Sızıya üzülme, aldanma sende açtığı yaraya. Hala yaşıyor olduğunun ispatıdır o aslında. Nihayetinde ona ait olan boşluğu yine onunla doldurunca diner bu sızı. İnsanın ruhu özlemler haritasıdır. Her bir coğrafyada bir özlem büyütür insan, nefes alıp veriyor olduğunun farkında olmak için. Dünya içindir özlem, ruh dünyasının içi. Özlemin haritadaki boşluğunu bulduğu şeyin kıymeti ile doldurur insan. Bu da insanı, aramaya namzet kılar. Ki bulmak aramanın yanına yazılmıştır kadim öğretilerde.

“Araya araya bulsam izini” dizesinin sırrını özlemeyi hakkıyla idrak edebilmiş ruhlar çözebilir ancak. Aramak, anlamak ile başlar. Anlamak için de hazır olmak gerekir. Aradığını bulunca ona ait olan yeri hazır hale getirmiş olmak, verilen değerin göstergesidir, ona ne kadar hazır olduğun ile doğru orantılıdır. Ona ait boşluğu yalnızca onunla doldurabildiğini bilmek kadar, orayı hazır hale getirebilmiş olmak da önemlidir. Tam bu noktada Leo Buscaglia’nın meşhur sözü burada geliyor aklıma: “Unutma! Yaşam dokuması henüz tamamlanmamış, olağanüstü güzellikte bir duvar halısıdır ve sana ait olan boşluğu yalnız sen doldurabilirsin.” Hayatında ayırdığın yer kadardır hayatına aldığının kapladığı yer. Baktığın kadardır gördüğün resim. Aramanın bir önceki evresi ise istemektir.

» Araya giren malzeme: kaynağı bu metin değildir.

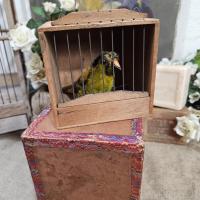 6 oiseau mecanique et sa cage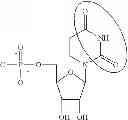 Fig. 89 - MODIFIED POLYNUCLEOTIDES ENCODING CD28 MOLECULE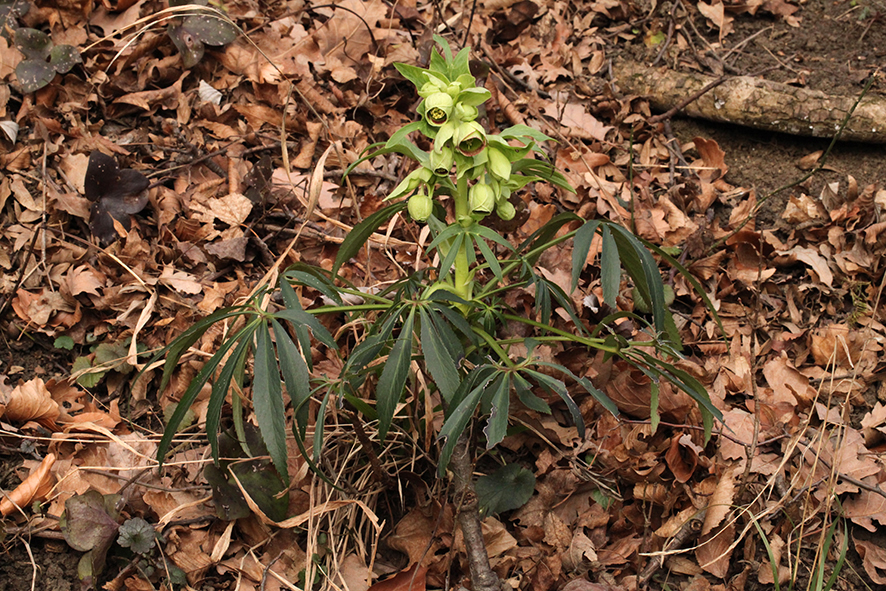 nieswurz, helleborus foetidus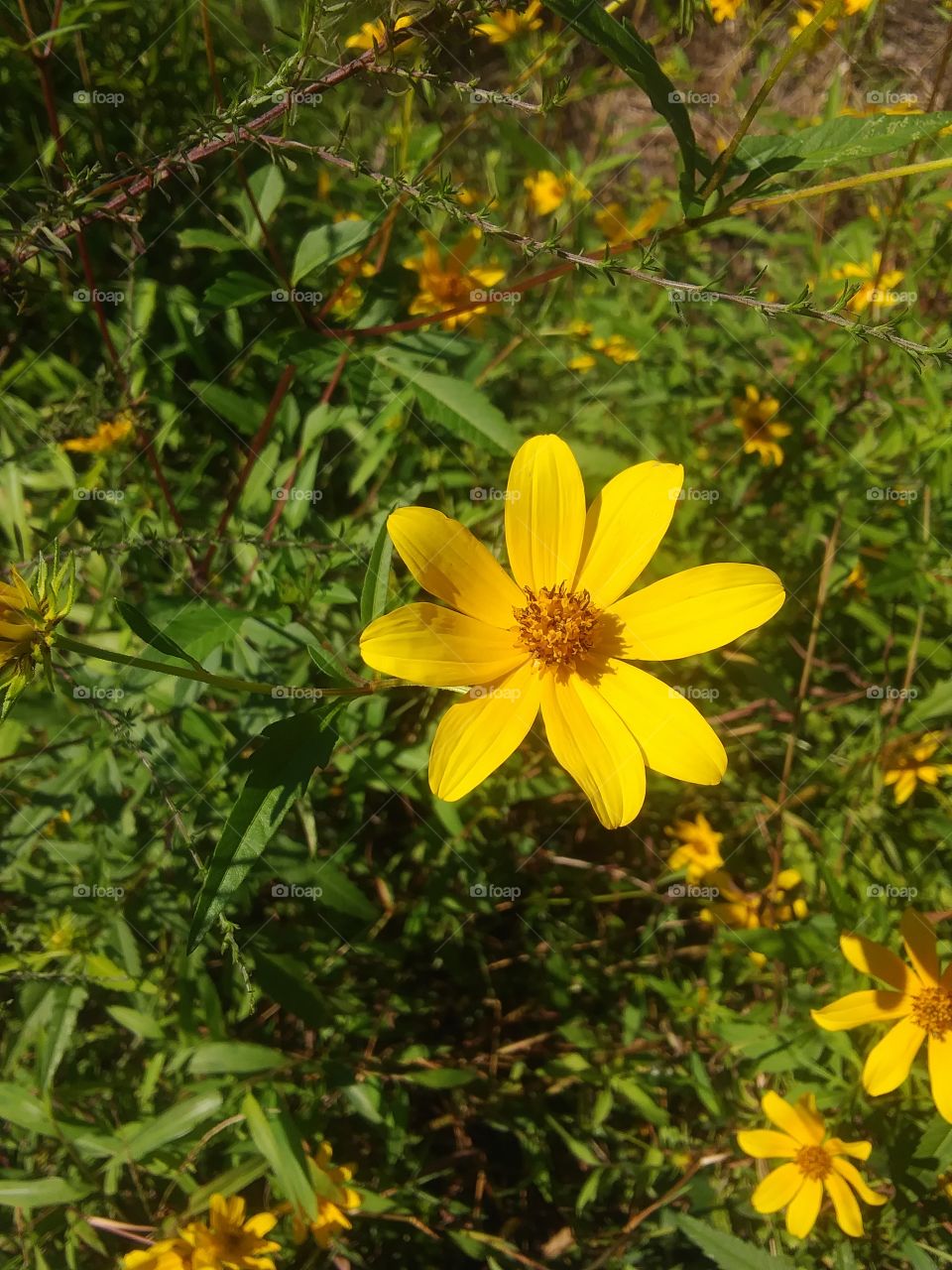 pretty yellow wild flower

Bulmaktan, özlemekten, aramaktan, anlamaktan da evvel istemekle başlar her şey. İstemek! İradenin devreye girdiği noktadır. Kendi dileğini gerçekleştirmek için kendi isteğinin farkında olmak. Ruhun bütününü harekete geçiren başlama noktasıdır. İstemek, dilemek ile yan yana yazılmıştır. Bir diğer adı da duadır.

İstekleri ve istemeyi anlamlı kılan ise kimden istediğindir. İsteklere en güzeliyle icabet eden Yüce Allah, Ra'd Suresinde “El açıp yalvarmaya lâyık olan ancak O'dur. O'nun dışında el açıp dua ettikleri onların isteklerini hiçbir şeyle karşılamazlar. Onlar ancak ağzına gelsin diye suya doğru iki avucunu açan kimse gibidir. Hâlbuki (suyu ağzına götürmedikçe) su onun ağzına girecek değildir. Kâfirlerin duası kuşkusuz hedefini şaşırmıştır.” ayetiyle isteklerimizin anlamlı kılınmasının yol haritasını da bize göstermiştir. İstemek, bir bakıma Kudret Sahibi Yüce Allah'a dua etmek ve sonrasında ise o duanın gerçekleşmesi için eyleme geçmenin ilk basamağıdır. Sonrasında ise beklemek düşer payımıza; almaya hazır hale gelene kadar, almayı hak edene kadar beklemek.

Biz de bugün on bir aydır özlemini duyarak beklediğimiz Ramazan'ın hanemize, ruhumuza, gönlümüze, hayatımıza gelişine tanıklık ediyoruz. Onu ne kadar istediysek o kadar özlemişiz demektir. Ramazan, onu özlediğimiz kadar hayat hanemizdeki boşluğu dolduracaktır.

Sadece onun gelmesi değildir önemli olan. Ramazan ayının gelmesi kadar onun hanemize, gönlümüze, ruhumuza girebilmesi de önemlidir. Hayatında ona ne kadar yer ayırdığınla orantılıdır onun hayatında kapladığı yer. İmsaktan iftara kadar aç kalmak olarak görürsek orucu diyetten başka bir anlam ifade etmez Ramazan bizim için. Allah Resulü de (SAV) öyle buyurmuyor mu: “Nice oruç tutanlar vardır ki, orucundan kendisine kuru bir açlıktan başka bir şey kalmaz!” Ramazan'ı hayra, iyiliğe, güzelliğe, rahmete vesile görerek Allah’ın rızasına kavuşmak olmalı muradımız.

Ramazan özlendiği kadar özlem duyar. Ne kadar hazırsan ona o kadar yakındır sana. Ki insan neye hazırsa ona benzemesi o kadar kolay ve anlamlıdır. Lakin hazırlıksız yakalanılan yağmurlarda ıslanmaktan kendini koruyamaz insan.

Ve hepsinden öte nasibindir sana lütfedilen. Bu günlerde en güzel nasiptir Ramazan. Allah, o nasibe özlem duyana, onu arayana, isteyene ve ruhunu onun misafirliğine hazır hale getirene lütfeder. Ruhumuzu, kalbimizi, hanemizi kötülükten, günahtan arındırıp iyilik ve güzellikle donattığımız zaman Ramazan’ın nasibinden istifade etmiş oluruz. Aksi takdirde Peygamber Efendimizin (SAV) hadisine muhatap olmaktan kendimizi alıkoyamayız:

“Kim yalan konuşmayı ve yalan-dolanla iş yapmayı terk etmezse, Allah o kimsenin yemesini, içmesini bırakmasına kıymet vermez.”